Kingdom near bottom in budget transparency

Kingdom near bottom in budget transparency

In Southeast Asia, only Vietnam provides its citizens with less information about how the government spends its money than the Kingdom. Without a transparent budget process, it is “virtually impossible” for Cambodians to hold their government accountable.

This is according to a new report released by the Open Budget Initiative, a project of the United States-based Center on Budget and Policy Priorities.

The NGO Forum on Cambodia sponsored a workshop on the subject with about 100 regional economic experts yesterday in Phnom Penh.

“I would like to appeal to the Government of Cambodia to continue to do more in improving our budget transparency ranking as well as encourage more public participation in the budget process,” said Chhith Sam Ath, executive director of the NGO Forum.

Cambodia-specific research in the report led by Chea Kim Song, development issues program manager for the NGO Forum, concluded that “the government provides the public with scant information on the central government’s budget and financial activities assessed by the survey” and gave the CPP-led government a score of 15 out of 100.

In Southeast Asia, the Philippines ranked highest with 55. Thailand earned a 42, and Vietnam was the least transparent at 14. Laos, Myanmar and Singapore were not rated.

The survey of 94 countries found “poor transparency and accountability” around the world, with an average global score of 42, and 74 countries failing to meet “basic standards”.

A number of factors led to Cambodia’s abysmal ranking, according to the report, including the limiting of important budget documents such as the draft budget law and the mid-year review to internal circulation.
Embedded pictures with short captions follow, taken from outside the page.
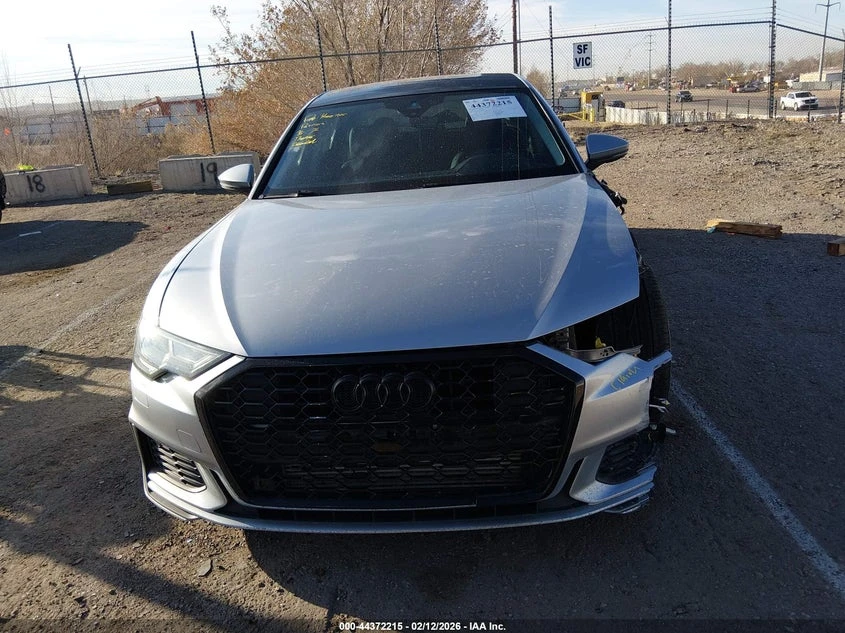 Audi A6 3.0L V-6 DI, DOHC, VVT, TURBO, 335HP All Wheel | Mobile.bg � ����������� 11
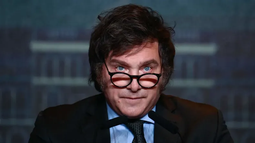 Javier Milei: Los periodistas son históricamente las prostitutas de los políticos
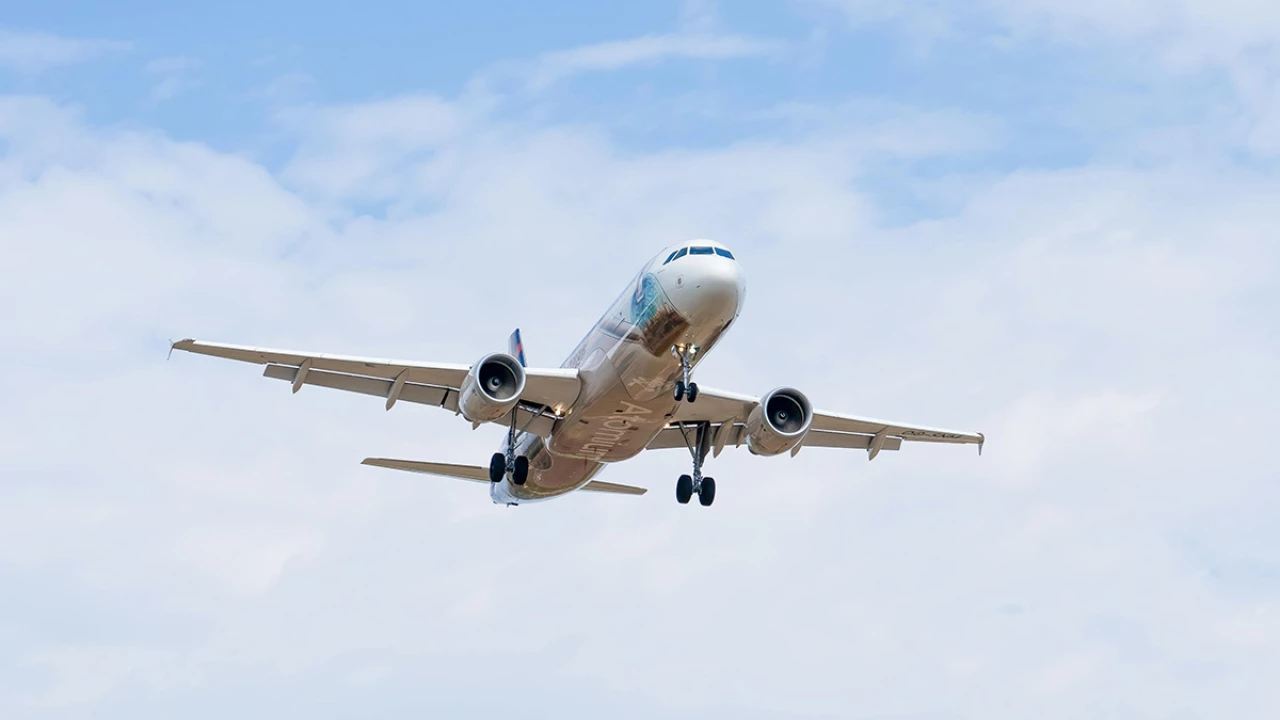 ¿Qué significa el código 7500 en un vuelo? ¿Qué significa el código 7500 en un vuelo?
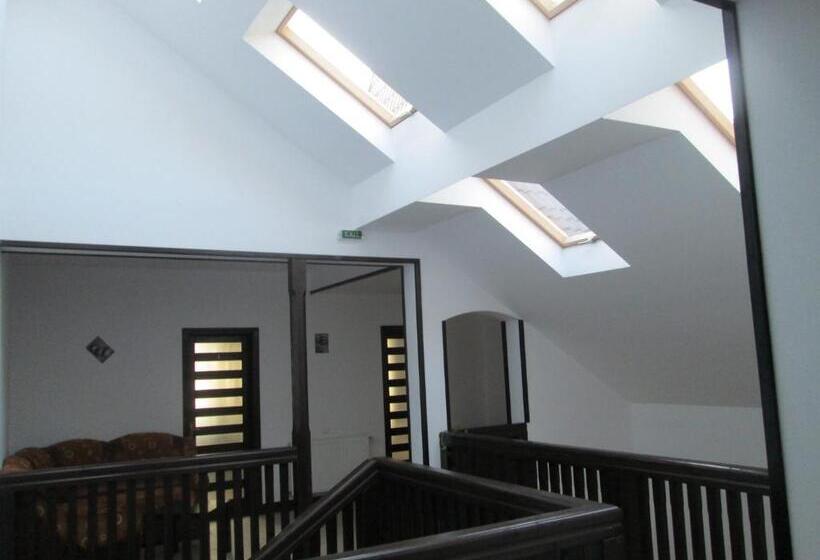 Pensiunea Steaua Nordului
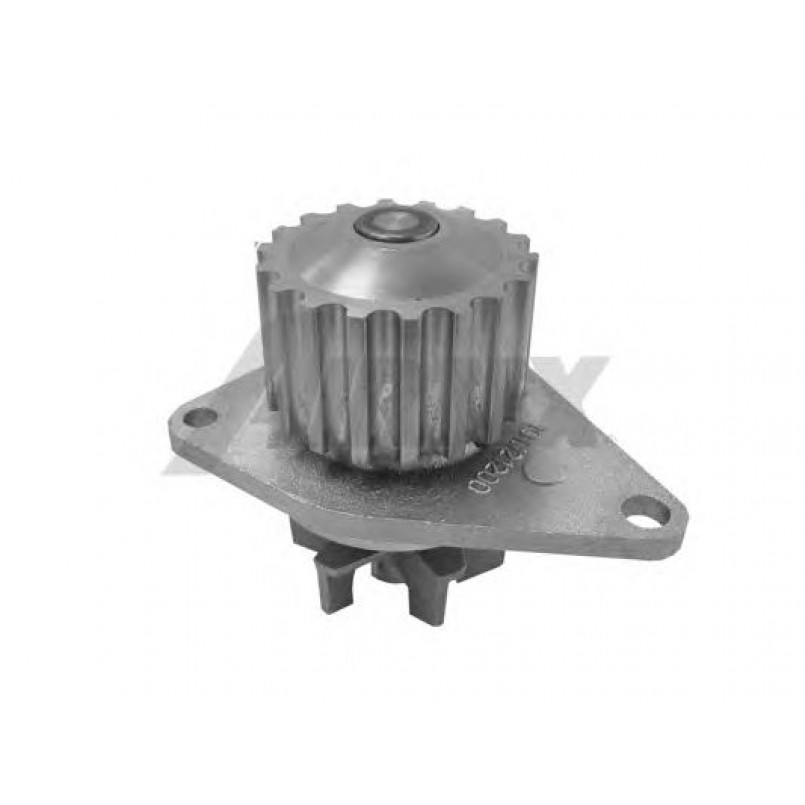 1692 Насос охолоджуючої рідини — фото товара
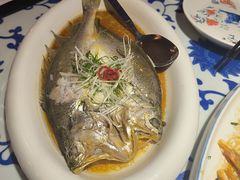 -江南赋(内蒙古大厦店)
The government also does not release a non-technical version of the budget that would allow citizens to better understand spending priorities.

Chea Kim Song said Cambodia lacked proper budget oversight.

Neither the National Assembly nor the National Audit Authority has adequate authority, time or resources to act as effective checks on the budget process.

Minister of Information Khieu Khanharith dismissed the criticism.

“We do not care about Cambodia’s score ranking”, he said, and claimed that NGOs “are lazy because they did not read Cambodia’s budget reports, which had been published by our government every year”.